MPI/OpenMP hybrid parallel inference for Latent Dirichlet Allocation

  • Authors:
  • Shotaro Tora;Koji Eguchi

  • Affiliations:
  • Kobe University, Rokkodai, Nada, Kobe, Japan;Kobe University, Rokkodai, Nada, Kobe, Japan

  • Venue:
  • Proceedings of the Third Workshop on Large Scale Data Mining: Theory and Applications
  • Year:
  • 2011

Quantified Score

Hi-index 0.00

Visualization

Abstract

In recent years, probabilistic topic models have been applied to various kinds of data including text data, and its effectiveness has been demonstrated. Latent Dirichlet Allocation (LDA) is one of the well-known topic models. Variational Bayesian inference or collapsed Gibbs sampling is often employed to estimate parameters in LDA; however, these inference methods require high computational cost for large-scale data. Therefore, high efficiency technology is needed for this purpose.
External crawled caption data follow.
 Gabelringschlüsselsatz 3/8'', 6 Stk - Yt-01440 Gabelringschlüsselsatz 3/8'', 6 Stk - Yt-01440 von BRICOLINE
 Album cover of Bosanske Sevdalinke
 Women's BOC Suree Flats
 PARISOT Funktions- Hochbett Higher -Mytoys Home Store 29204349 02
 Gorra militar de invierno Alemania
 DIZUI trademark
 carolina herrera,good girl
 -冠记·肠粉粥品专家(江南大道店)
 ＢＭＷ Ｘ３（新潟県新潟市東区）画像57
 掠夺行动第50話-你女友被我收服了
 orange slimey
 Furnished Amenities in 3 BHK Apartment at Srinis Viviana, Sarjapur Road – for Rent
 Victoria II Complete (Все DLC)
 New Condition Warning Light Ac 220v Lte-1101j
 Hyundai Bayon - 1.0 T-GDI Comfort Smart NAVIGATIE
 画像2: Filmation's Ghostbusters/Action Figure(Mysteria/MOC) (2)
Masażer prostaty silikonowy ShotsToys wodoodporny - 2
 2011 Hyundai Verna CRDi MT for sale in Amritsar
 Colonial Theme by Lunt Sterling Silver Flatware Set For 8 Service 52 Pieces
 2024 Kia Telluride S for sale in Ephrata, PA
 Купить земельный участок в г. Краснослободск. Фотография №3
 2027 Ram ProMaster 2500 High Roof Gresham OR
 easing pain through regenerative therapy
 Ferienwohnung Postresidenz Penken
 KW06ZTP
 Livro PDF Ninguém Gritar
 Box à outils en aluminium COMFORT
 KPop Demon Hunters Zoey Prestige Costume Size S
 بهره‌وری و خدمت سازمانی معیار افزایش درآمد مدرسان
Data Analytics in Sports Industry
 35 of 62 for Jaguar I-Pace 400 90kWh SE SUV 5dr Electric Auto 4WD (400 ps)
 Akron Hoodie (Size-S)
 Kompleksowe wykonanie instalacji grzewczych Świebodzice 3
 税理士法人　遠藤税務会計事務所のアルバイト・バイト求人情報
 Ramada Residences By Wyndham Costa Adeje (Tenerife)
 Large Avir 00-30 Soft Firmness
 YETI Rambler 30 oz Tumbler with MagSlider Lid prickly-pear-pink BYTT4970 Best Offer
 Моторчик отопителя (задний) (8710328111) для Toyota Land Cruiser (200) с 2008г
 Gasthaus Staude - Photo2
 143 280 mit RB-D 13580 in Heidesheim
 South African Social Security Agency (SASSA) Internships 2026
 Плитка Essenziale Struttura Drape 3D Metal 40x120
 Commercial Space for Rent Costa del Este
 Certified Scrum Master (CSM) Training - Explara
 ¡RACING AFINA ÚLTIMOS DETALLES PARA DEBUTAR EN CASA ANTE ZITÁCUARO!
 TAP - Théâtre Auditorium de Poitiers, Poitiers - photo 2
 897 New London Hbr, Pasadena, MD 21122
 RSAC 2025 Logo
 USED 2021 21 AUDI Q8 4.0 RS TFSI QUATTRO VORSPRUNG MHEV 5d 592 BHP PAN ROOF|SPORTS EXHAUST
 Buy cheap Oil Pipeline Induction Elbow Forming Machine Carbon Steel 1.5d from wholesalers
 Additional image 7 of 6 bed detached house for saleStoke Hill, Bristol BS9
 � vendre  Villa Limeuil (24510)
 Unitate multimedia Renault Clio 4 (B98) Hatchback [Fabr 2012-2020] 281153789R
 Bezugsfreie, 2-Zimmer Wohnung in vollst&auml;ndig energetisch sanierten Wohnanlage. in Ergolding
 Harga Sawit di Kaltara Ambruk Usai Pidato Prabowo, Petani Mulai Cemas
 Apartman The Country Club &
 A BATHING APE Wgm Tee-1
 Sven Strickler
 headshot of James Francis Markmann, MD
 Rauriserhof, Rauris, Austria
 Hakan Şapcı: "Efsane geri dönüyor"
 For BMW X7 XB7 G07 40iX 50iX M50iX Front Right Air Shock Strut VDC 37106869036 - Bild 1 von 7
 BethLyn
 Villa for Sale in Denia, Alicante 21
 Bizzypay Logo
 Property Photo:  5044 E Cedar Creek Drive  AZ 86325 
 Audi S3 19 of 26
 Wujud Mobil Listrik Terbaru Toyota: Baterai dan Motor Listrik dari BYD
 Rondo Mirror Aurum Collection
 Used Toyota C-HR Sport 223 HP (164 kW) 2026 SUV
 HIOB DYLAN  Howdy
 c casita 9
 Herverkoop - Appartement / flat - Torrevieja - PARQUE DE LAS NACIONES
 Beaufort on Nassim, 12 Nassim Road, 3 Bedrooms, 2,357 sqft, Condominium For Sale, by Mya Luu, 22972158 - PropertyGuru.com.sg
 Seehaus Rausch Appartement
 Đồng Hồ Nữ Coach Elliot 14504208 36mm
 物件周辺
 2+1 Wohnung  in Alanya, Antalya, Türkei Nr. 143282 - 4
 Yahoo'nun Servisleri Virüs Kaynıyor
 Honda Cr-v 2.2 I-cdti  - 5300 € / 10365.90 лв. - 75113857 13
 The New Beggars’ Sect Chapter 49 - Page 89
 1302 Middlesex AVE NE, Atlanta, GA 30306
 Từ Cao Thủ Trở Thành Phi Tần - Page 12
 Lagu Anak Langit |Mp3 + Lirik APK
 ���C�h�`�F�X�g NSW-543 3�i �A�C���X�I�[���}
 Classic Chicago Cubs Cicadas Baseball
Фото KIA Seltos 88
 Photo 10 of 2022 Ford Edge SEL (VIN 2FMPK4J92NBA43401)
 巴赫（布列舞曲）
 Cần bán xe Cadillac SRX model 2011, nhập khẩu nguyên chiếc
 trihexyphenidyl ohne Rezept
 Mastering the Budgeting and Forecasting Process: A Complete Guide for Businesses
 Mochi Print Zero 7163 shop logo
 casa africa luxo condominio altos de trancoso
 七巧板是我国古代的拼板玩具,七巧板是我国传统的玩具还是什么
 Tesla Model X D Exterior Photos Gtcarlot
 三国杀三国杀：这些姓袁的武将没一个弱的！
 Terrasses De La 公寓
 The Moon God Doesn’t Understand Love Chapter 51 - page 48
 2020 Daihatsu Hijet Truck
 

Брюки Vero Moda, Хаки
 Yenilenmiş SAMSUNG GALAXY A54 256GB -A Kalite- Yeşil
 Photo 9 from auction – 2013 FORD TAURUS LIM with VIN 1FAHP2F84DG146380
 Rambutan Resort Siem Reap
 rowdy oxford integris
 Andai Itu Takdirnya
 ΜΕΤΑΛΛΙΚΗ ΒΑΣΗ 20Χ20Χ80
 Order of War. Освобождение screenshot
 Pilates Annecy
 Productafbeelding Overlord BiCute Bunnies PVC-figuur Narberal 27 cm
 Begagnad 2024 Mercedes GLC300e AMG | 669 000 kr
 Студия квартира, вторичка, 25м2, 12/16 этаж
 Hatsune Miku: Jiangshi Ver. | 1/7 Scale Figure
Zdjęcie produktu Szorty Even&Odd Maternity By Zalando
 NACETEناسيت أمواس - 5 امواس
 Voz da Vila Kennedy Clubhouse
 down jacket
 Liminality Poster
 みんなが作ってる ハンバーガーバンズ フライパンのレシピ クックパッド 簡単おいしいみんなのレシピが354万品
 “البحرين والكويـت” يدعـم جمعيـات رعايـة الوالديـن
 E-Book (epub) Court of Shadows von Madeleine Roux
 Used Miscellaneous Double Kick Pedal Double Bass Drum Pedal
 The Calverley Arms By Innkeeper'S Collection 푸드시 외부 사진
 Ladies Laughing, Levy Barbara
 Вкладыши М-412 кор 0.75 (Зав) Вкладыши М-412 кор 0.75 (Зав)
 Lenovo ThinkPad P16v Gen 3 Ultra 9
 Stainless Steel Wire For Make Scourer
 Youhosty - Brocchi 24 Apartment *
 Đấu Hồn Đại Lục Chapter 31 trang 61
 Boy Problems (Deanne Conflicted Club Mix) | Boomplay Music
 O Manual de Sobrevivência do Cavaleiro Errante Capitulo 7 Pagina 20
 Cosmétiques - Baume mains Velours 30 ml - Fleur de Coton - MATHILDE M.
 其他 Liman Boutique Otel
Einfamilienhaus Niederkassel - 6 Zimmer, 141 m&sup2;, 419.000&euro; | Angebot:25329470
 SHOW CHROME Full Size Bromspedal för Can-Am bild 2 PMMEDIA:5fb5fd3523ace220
In this paper, we make use of parallel computation technology for the sake of efficient collapsed Gibbs sampling inference for LDA. We assume to use a shared memory cluster (SMP cluster), which is widely used in recent years. In prior work of parallel inference for LDA, either MPI or OpenMP has been used alone. On the other hand, for a SMP cluster it is more suitable to adopt hybrid parallelization that uses message passing for communication between SMP nodes and loop directives for parallelization within each SMP node. In this paper, we developed a MPI/OpenMP hybrid parallel inference method for LDA, and achieved remarkable speedup under various settings of a SMP cluster.